#### What to produce:
Instruction for the entries that follow: retype exactly the lines from the line with "Building Photo - 1000 Biscayne Blvd" to the line with "La Quinta By Wyndham Cocoa Beach Oceanfront", both included, and omit all others.

#### Scraped caption text data:
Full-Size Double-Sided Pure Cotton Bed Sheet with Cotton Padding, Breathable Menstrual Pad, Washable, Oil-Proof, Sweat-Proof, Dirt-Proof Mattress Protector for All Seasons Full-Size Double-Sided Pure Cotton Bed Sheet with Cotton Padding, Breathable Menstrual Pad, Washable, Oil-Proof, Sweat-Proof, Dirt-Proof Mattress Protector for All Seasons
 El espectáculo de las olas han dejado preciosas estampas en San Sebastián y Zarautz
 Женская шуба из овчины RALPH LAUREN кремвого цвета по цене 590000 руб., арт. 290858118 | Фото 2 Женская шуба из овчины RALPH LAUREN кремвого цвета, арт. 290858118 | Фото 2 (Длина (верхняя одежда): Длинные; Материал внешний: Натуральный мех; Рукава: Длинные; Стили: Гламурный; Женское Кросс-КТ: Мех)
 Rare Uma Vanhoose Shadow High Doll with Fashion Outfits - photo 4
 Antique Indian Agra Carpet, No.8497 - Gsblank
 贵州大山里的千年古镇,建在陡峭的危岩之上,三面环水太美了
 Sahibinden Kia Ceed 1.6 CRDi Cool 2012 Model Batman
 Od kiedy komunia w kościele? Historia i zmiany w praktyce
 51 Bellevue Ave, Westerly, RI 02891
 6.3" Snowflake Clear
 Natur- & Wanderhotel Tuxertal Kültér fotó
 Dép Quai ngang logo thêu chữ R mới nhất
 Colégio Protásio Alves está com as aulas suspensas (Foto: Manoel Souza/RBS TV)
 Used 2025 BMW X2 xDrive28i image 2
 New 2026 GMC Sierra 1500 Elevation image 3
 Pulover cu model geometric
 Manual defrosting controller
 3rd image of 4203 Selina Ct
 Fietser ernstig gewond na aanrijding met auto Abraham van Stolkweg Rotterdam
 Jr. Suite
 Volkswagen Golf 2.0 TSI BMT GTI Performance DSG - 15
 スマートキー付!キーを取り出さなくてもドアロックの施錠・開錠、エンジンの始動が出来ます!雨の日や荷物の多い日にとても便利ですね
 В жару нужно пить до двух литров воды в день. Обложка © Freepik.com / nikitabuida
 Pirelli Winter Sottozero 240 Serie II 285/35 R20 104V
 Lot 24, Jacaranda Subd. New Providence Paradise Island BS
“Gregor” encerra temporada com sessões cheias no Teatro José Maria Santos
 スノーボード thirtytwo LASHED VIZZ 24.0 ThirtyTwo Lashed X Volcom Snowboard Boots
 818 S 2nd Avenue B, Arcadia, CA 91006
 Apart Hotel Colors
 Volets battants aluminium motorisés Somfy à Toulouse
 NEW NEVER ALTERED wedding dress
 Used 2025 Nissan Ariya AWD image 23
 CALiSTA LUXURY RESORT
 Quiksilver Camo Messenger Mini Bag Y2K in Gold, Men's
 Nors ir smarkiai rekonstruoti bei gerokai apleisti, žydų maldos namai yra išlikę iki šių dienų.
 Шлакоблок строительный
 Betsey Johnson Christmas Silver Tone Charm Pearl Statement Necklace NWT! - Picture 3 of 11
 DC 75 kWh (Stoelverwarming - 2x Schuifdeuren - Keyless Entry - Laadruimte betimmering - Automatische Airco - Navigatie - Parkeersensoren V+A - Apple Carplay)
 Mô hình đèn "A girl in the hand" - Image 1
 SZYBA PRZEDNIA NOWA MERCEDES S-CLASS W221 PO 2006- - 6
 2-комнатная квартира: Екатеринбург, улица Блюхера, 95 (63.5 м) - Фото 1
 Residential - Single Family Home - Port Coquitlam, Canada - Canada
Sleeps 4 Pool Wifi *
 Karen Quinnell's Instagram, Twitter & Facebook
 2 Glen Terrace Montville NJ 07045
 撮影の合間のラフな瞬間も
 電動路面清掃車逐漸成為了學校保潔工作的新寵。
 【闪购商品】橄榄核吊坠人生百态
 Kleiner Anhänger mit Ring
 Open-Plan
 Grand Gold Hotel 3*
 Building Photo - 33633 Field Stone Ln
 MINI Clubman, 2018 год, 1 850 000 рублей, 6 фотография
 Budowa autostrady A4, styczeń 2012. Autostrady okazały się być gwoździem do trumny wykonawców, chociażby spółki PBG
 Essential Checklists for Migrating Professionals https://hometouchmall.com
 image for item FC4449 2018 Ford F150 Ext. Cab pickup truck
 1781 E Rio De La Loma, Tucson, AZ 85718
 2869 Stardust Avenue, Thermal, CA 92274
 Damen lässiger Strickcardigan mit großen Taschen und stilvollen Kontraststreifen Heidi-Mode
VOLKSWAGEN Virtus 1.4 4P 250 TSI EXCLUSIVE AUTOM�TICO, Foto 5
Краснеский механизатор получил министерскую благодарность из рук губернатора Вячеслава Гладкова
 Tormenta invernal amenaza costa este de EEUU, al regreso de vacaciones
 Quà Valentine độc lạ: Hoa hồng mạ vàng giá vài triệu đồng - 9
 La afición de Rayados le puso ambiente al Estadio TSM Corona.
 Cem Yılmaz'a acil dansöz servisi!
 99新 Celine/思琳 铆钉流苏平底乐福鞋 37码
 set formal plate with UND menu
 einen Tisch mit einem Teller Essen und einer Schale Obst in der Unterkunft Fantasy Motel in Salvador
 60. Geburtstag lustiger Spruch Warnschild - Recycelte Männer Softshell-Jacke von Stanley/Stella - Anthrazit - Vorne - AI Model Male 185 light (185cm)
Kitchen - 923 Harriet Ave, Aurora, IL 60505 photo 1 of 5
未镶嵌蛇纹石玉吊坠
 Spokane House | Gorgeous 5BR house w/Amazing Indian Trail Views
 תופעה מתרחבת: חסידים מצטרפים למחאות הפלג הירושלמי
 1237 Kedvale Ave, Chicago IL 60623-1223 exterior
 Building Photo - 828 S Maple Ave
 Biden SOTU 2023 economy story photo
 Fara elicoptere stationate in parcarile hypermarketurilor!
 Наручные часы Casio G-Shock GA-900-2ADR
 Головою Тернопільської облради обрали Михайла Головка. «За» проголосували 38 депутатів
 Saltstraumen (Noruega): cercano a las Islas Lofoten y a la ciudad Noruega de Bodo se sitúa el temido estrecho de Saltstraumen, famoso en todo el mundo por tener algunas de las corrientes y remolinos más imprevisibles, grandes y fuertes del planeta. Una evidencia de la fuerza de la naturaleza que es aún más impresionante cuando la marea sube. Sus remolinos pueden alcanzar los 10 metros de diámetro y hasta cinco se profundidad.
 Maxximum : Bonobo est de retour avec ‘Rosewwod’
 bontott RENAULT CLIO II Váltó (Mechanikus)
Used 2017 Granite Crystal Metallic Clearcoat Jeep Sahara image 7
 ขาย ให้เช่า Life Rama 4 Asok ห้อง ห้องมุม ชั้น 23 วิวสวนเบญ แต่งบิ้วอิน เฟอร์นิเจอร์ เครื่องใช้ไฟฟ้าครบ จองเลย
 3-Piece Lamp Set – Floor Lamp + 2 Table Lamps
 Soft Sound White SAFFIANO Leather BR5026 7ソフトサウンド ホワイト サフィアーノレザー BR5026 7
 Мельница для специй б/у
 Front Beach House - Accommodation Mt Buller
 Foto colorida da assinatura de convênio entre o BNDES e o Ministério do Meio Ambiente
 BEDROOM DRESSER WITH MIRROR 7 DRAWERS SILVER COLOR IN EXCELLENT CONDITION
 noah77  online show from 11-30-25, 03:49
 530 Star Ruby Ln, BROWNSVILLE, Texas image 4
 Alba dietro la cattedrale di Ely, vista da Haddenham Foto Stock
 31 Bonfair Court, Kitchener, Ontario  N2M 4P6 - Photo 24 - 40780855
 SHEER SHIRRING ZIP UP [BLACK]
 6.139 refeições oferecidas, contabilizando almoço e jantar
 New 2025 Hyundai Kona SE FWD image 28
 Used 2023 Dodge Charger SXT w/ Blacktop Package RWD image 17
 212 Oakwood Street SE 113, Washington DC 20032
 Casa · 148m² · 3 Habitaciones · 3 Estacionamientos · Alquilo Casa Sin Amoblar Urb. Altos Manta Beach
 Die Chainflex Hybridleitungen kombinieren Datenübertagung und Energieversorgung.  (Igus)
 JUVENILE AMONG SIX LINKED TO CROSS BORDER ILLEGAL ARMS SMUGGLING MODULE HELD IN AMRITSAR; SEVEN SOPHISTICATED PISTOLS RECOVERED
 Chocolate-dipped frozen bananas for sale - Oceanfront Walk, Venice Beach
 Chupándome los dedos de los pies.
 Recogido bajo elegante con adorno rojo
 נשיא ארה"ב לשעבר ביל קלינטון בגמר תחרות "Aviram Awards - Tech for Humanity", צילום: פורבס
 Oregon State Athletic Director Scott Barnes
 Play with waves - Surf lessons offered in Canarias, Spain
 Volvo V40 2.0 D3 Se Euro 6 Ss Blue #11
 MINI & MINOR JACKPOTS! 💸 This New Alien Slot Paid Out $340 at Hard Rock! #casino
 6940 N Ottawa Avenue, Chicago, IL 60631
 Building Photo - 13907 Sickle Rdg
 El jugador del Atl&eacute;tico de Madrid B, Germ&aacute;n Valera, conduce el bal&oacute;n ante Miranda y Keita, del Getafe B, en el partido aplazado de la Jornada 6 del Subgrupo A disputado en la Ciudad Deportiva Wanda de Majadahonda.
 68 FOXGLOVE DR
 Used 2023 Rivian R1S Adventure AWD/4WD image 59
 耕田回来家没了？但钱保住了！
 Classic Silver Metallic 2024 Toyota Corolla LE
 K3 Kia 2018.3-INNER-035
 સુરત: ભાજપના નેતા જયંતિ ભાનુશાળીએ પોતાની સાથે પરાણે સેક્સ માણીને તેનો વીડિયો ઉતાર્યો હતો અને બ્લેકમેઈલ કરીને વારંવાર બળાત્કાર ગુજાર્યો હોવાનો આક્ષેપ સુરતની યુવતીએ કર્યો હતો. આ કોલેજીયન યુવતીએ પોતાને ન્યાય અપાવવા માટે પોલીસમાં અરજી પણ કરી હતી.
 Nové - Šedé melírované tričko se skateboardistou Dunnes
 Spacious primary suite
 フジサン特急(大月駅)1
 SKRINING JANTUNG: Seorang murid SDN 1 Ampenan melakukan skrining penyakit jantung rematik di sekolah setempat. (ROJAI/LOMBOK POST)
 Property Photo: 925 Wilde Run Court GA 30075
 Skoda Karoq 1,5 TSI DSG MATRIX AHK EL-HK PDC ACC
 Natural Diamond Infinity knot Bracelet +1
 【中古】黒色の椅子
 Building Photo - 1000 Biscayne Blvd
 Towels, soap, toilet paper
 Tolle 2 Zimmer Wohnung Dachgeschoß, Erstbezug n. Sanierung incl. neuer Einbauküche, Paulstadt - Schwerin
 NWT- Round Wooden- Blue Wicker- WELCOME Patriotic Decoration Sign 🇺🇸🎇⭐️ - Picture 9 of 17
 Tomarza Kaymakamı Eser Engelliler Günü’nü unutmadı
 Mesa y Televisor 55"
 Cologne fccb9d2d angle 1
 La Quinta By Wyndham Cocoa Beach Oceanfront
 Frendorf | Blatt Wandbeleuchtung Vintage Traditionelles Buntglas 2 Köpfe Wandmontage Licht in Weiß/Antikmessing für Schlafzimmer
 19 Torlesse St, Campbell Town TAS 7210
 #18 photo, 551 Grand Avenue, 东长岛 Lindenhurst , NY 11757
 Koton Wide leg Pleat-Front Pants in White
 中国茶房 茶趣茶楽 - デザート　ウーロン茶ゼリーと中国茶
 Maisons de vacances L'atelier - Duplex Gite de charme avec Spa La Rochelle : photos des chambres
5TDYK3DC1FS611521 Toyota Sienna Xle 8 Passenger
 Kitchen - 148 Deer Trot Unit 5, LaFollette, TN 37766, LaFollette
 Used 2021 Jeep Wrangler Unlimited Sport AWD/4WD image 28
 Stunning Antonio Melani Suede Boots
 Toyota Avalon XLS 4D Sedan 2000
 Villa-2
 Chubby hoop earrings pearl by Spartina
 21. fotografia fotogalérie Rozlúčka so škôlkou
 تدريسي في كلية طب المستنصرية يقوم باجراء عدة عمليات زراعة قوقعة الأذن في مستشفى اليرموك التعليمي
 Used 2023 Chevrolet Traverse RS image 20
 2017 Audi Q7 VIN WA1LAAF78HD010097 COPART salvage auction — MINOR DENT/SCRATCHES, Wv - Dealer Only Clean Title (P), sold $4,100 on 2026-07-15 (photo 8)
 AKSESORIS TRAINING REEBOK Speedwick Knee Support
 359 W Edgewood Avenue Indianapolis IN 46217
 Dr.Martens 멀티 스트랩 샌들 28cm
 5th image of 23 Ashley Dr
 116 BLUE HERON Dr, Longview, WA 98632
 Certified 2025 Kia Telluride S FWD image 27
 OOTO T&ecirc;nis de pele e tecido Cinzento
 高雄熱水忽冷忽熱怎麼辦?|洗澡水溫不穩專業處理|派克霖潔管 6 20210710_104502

#### Answer to the problem:
 Building Photo - 1000 Biscayne Blvd
 Towels, soap, toilet paper
 Tolle 2 Zimmer Wohnung Dachgeschoß, Erstbezug n. Sanierung incl. neuer Einbauküche, Paulstadt - Schwerin
 NWT- Round Wooden- Blue Wicker- WELCOME Patriotic Decoration Sign 🇺🇸🎇⭐️ - Picture 9 of 17
 Tomarza Kaymakamı Eser Engelliler Günü’nü unutmadı
 Mesa y Televisor 55"
 Cologne fccb9d2d angle 1
 La Quinta By Wyndham Cocoa Beach Oceanfront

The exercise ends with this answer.